**Task brief:** Locate "Appartement 76 m² à Valence" in the records below, then copy its line and every following line exactly, without the pictures.
==*==
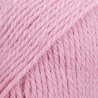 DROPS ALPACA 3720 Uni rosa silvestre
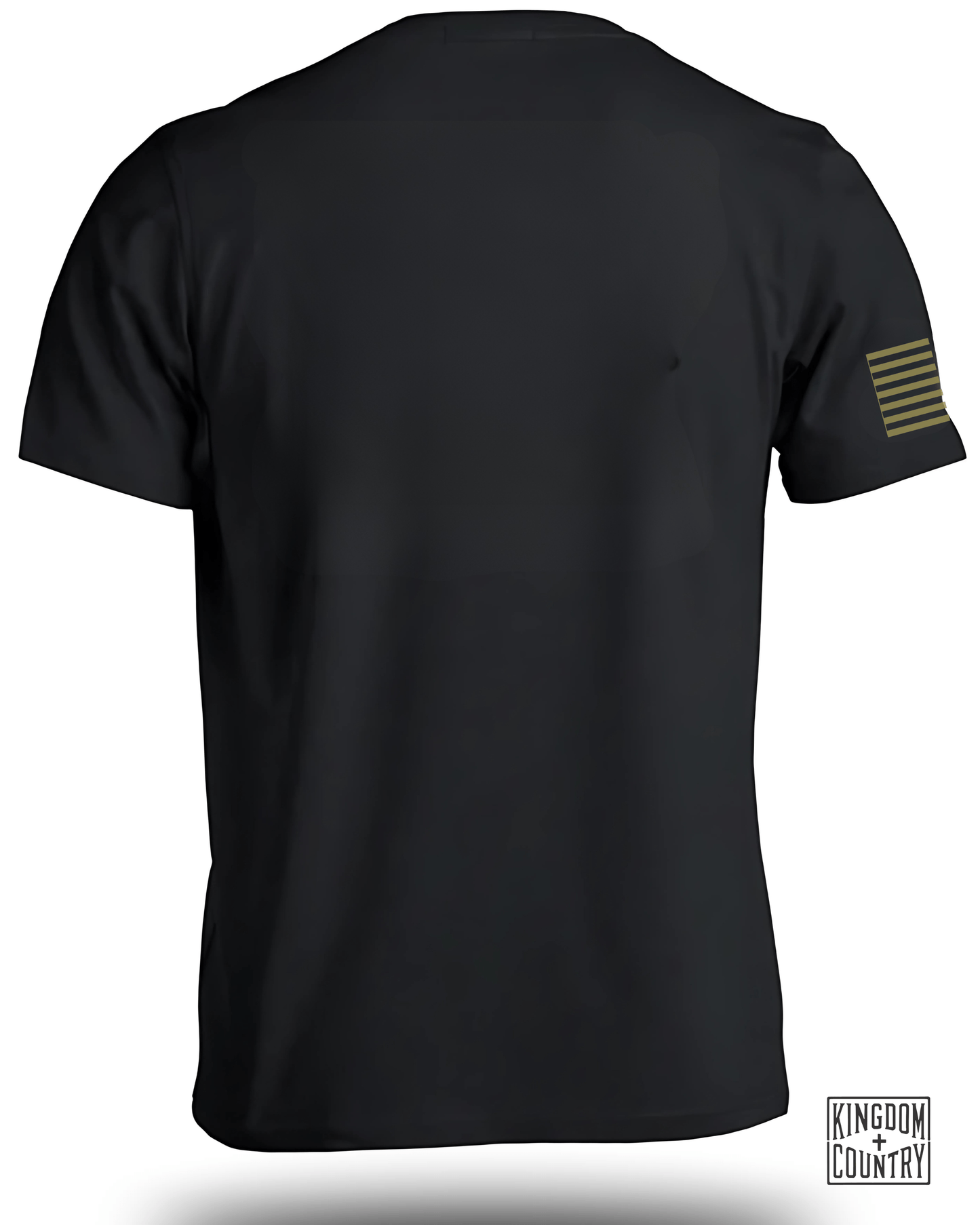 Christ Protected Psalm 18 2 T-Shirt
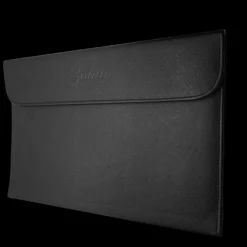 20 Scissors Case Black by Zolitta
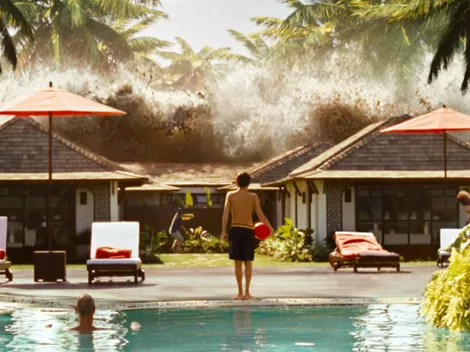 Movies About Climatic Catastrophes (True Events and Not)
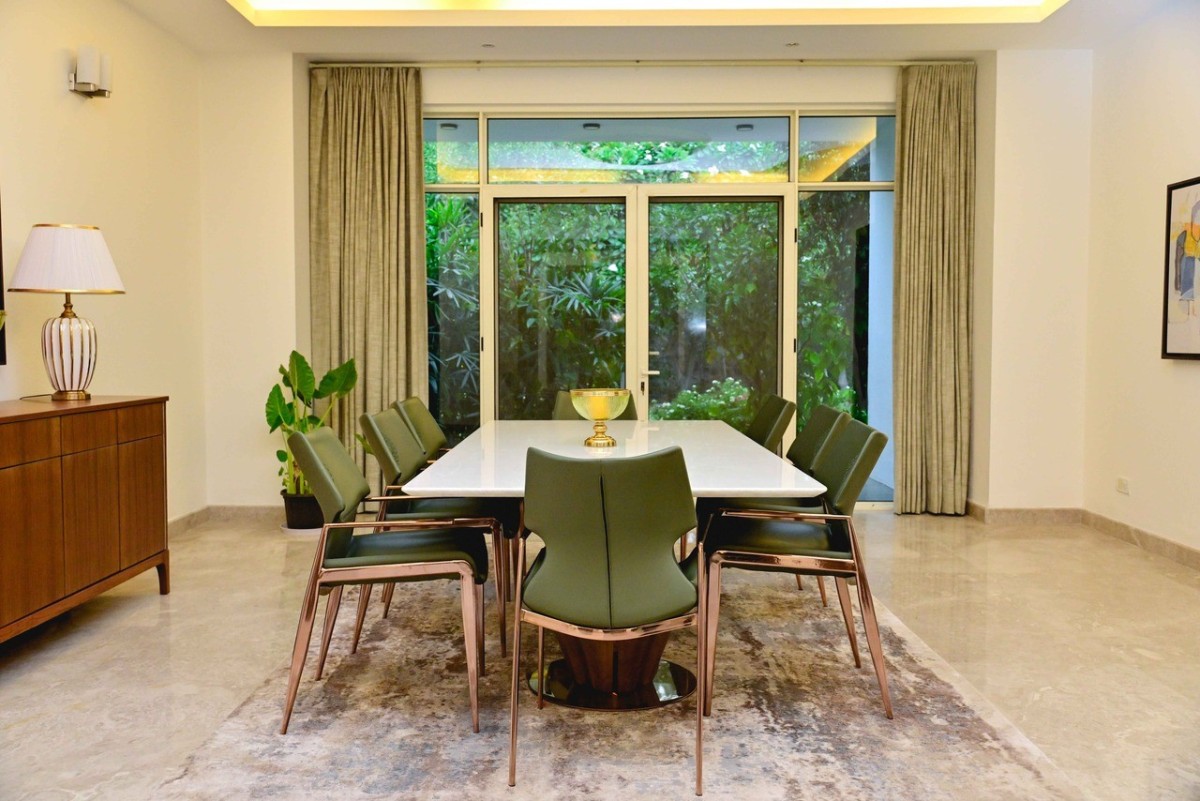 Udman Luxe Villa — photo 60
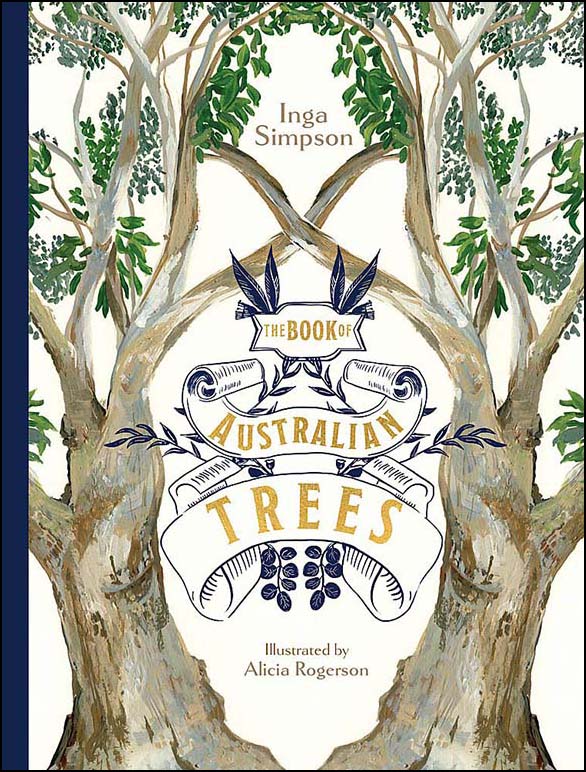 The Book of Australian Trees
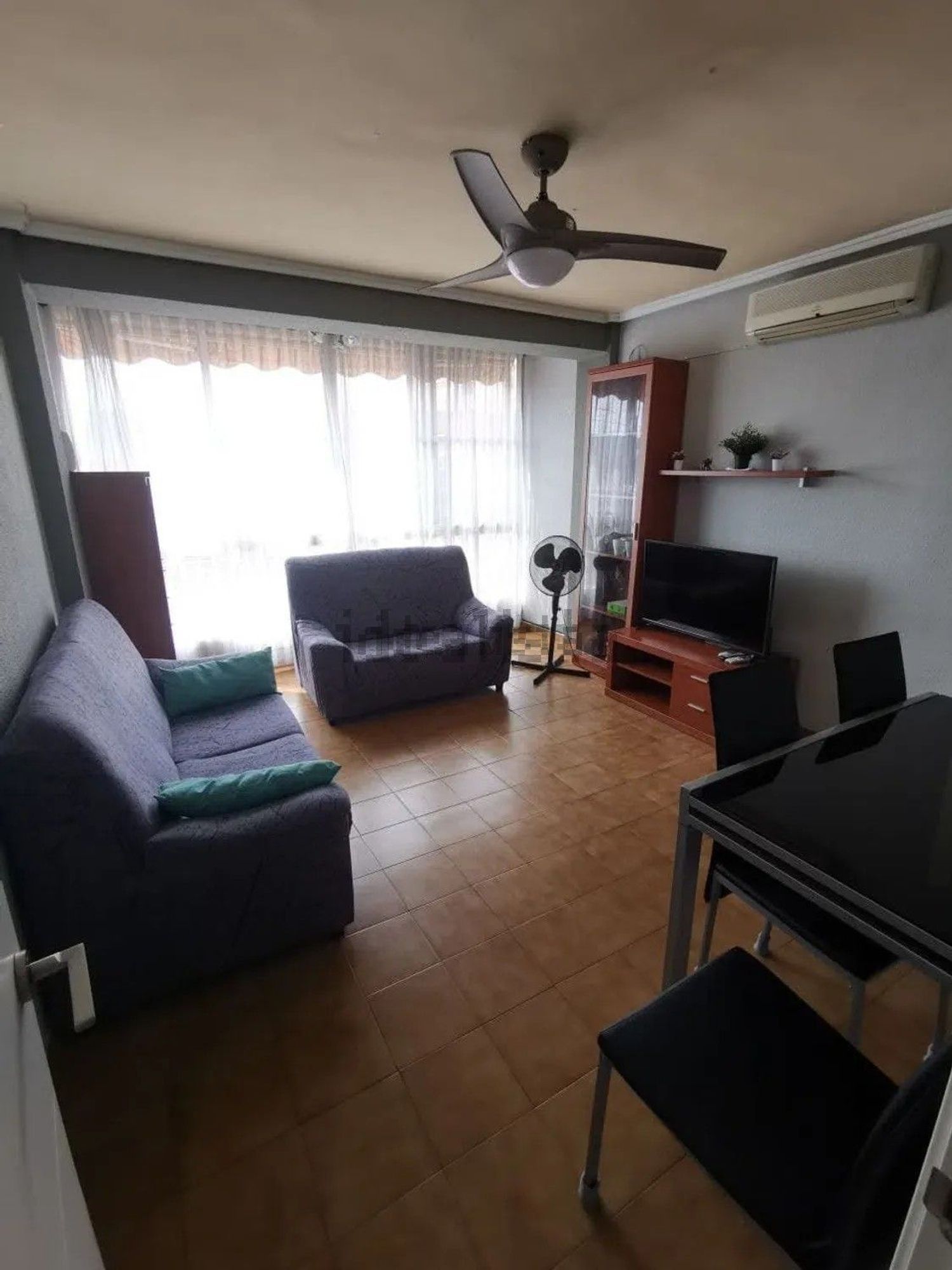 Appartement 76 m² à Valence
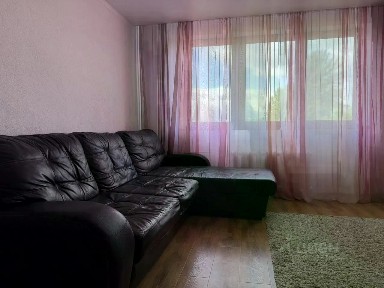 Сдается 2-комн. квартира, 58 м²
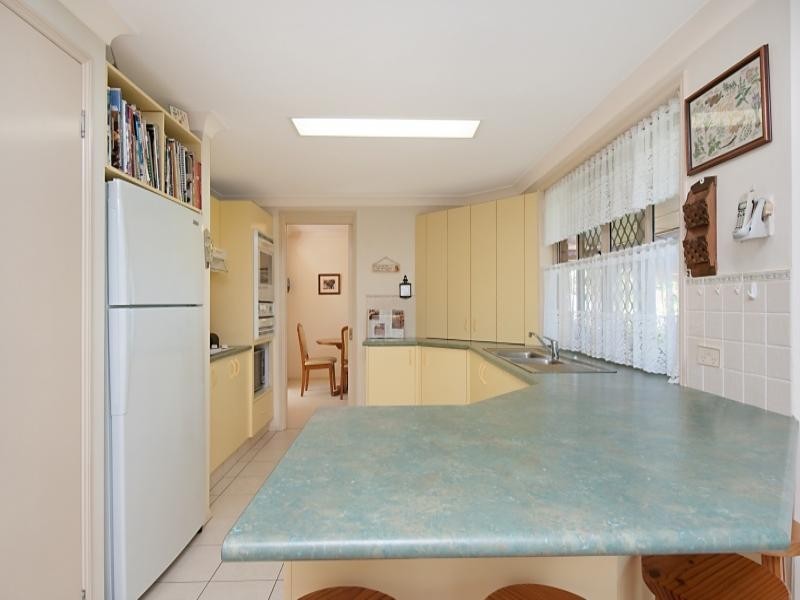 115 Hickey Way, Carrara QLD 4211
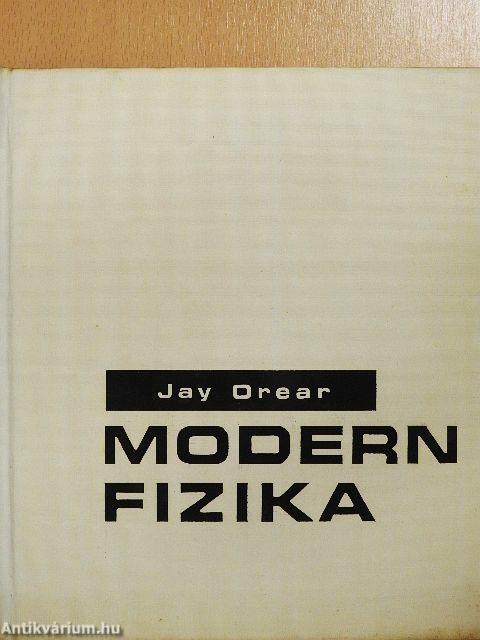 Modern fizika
==*==
**Reply to the task:**
 Appartement 76 m² à Valence
 Сдается 2-комн. квартира, 58 м²
 115 Hickey Way, Carrara QLD 4211
 Modern fizika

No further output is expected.